The relevancy between the two pieces of business information can be determined by a Natural Language Processing (NLP) mode, and can also be determined according to the matched keywords. Specifically, the matching condition of each service information and the specified keyword can be determined, and if the number of the same keywords matched by two service information is more, the higher the association degree between the two service information is.
In this example, the business information may be sorted according to the above-mentioned dimensions of relevance to the report topic, information dissemination, information distribution media, and information popularity, and the result of sorting may be obtained. Then, reordering is performed based on the first N pieces of service information in the sorting result and the correlation between the service information in the sorting result. For example, when N is 1, the reordering is performed based on the first service information and the correlation between the service information.
In one example, for other service information except the first N service information, the relevance between each other service information and the first N service information is calculated, and then the other service information is reordered according to the order of the relevance from high to low.
In another example, the association degrees of each other service information and the first N service information may be calculated first, the service information with the highest current association degree is ranked at N +1, then the association degrees of each service information to be ranked and the first N +1 service information are continuously calculated, then the service information with the highest current association degree is ranked at N +2, and so on until the ranking is completed.
In the above example, when calculating the association degree between one service information and a plurality of service information, the association degree may be taken as an overall association degree. The individual association degree between the service information and each of the plurality of service information can be calculated first, and then the sum of all the individual association degrees is used as the overall association degree between the service information and the plurality of service information.

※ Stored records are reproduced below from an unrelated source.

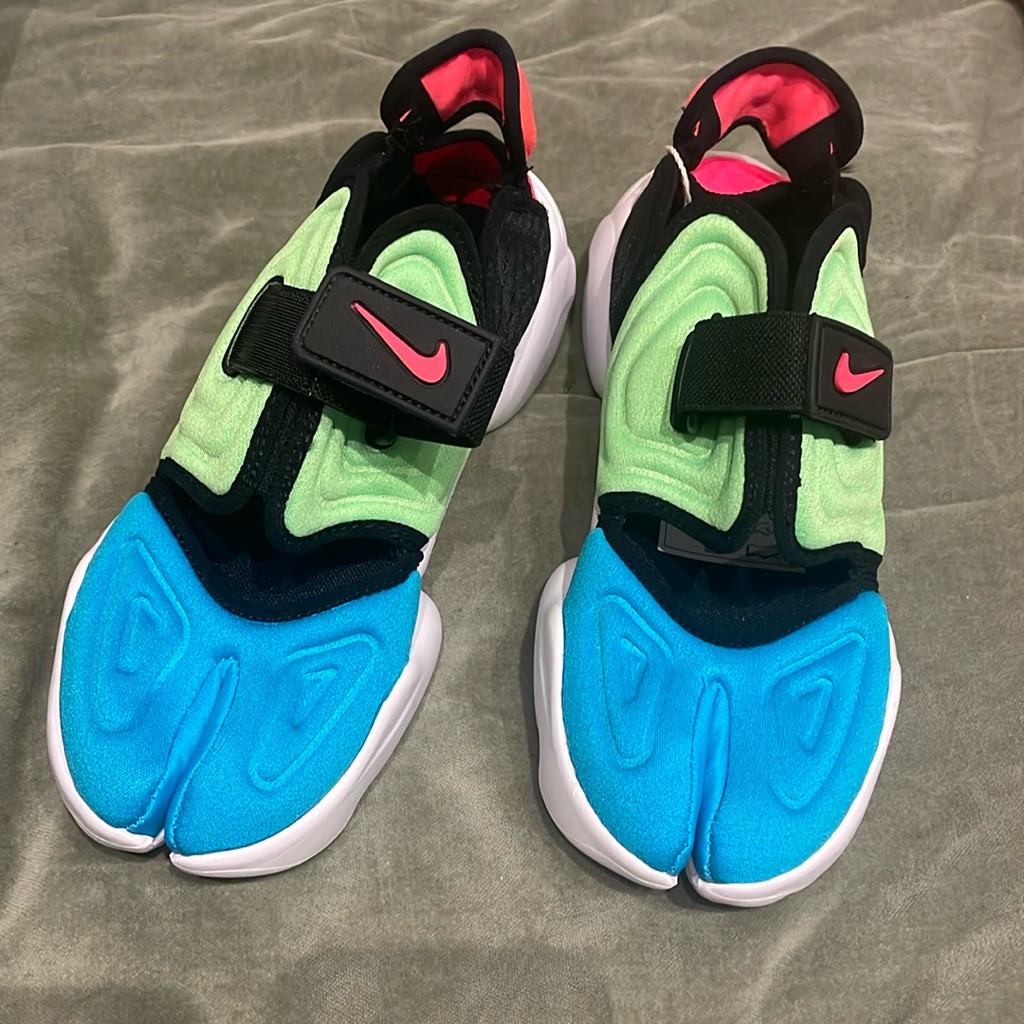 Nike Tabi Sneakers
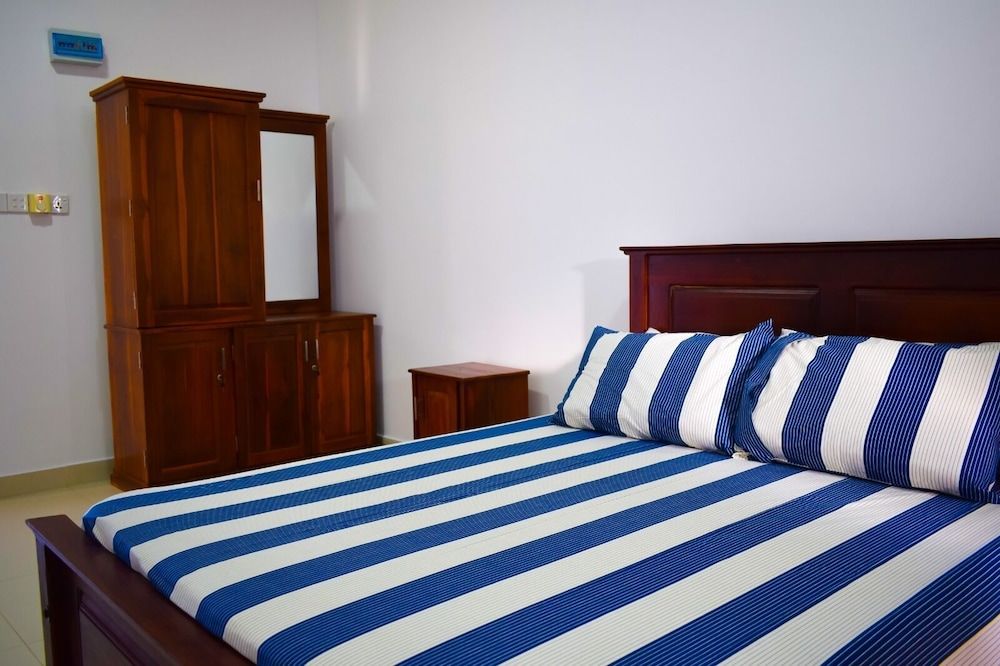 Catamaran 6 Guest Inn Deluxe Double Room 2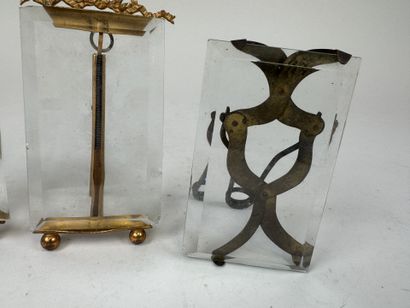 Trois cadres porte-photos en verres biseautés...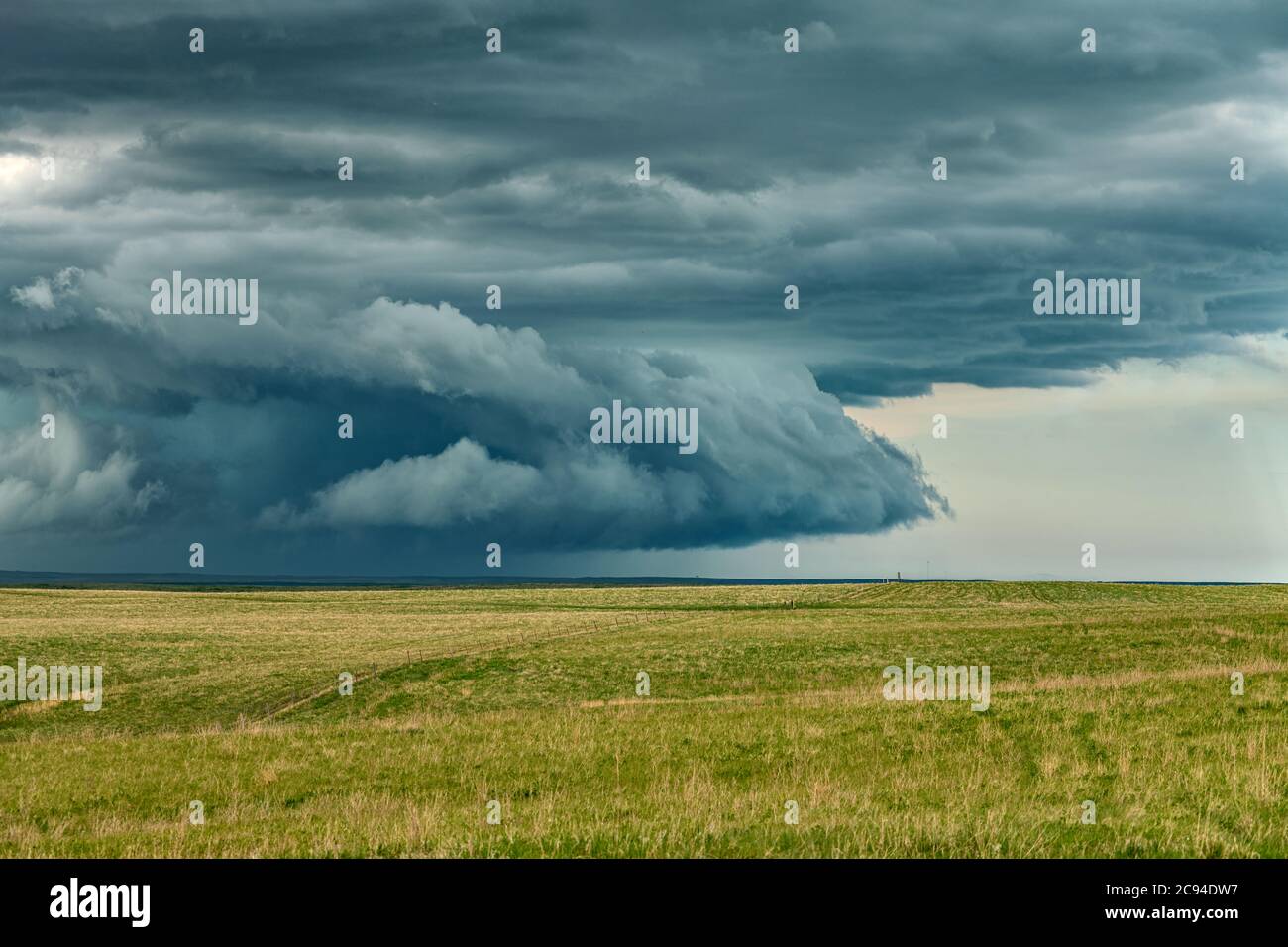 Panorama eines massiven Mesocyclone Wetter supercell, die eine Pre-Tornado-Bühne ist, passiert einen grasbewachsenen Teil der Great Plains, während heftig versuchen Stockfoto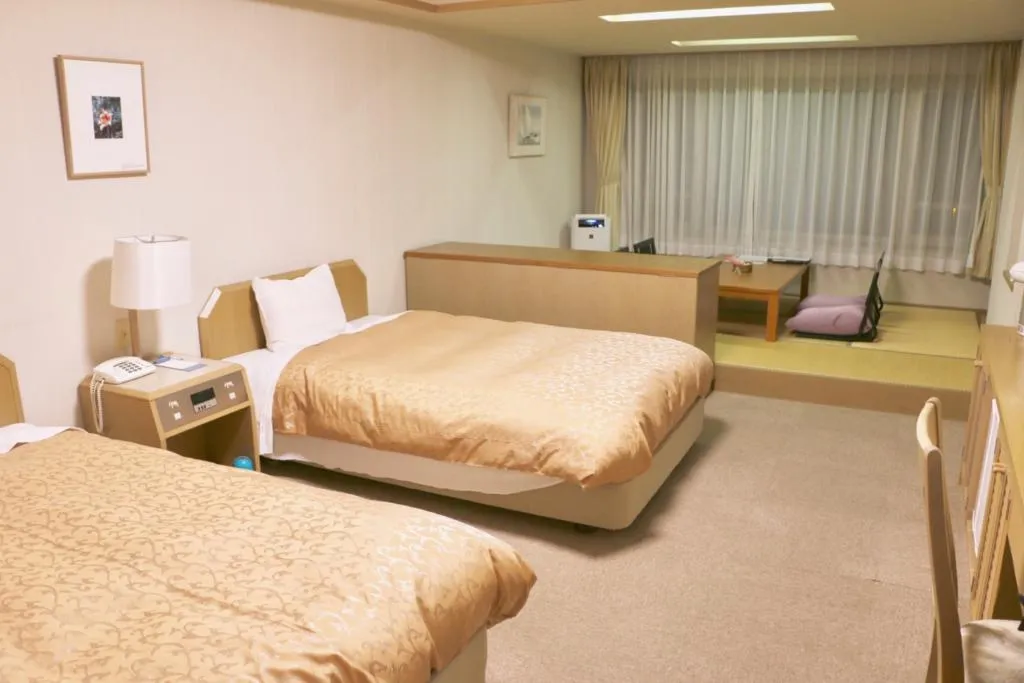 【寮イメージ】旧客室寮　※写真は現在の客室ですが、実際の寮は現在使用されていない古い客室になります。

By the above example, the higher the information value that can be embodied by the service information ranked earlier in the ranking result, therefore, the first N service information can be determined as the target service information first, and then the relevance between each of the other service information and the service information as the reference can be calculated based on the service information determined first, and the ranking can be performed again based on the calculated relevance. The sequencing result of the service information after reordering comprises the characteristic of the relevance, the relevance between the target service information determined according to the sequencing result of reordering is higher, each target service information with high relevance has continuity, the presented service information has stronger logicality, and a service information report generated based on the target service information with stronger logicality also has higher information value.
Returning to FIG. 1, after the target business information is determined, a business information report may be generated at 150 based on the target business information and the report template.
In one example, each target business information may be directly populated into a report template to generate a business information report. In another example, a title, a summary, and a web page link of each target business information may be extracted, and then the extracted title, summary, and web page link are filled in a report template to generate a business information report. The title, the abstract and the webpage link of the corresponding service information are presented in the service information report, the title and the abstract can summarize the service information in a short mode, and for a user who refers to the service information report, the user can view the short title and the abstract, so that the referring time is saved. When the user needs to further know the service information, the complete service information content can be viewed through the webpage link. Therefore, not only is the space of the business information report reduced, but also the efficiency of the user for looking up the business information report is improved.
In one example, the report template may include at least two business sections, each of the at least two business sections being for a different one of the report topics.
The report subject is directed to the business information report, and the business subject is directed to the business block in the business information report. One report topic may include a plurality of different business topics, and the business scope of the report topic includes the business scope of each business topic.
The business topics aiming at one report topic can be branch topics of the report topic, and the report topics can also be respectively set forth from different angles, wherein each business topic is a set angle. For example, the reporting topic is a stall economy, and the reporting topic may include two business topics: the method comprises the following steps of setting forth the stall economy from the perspective of legislative business and setting forth the stall economy from the perspective of market business.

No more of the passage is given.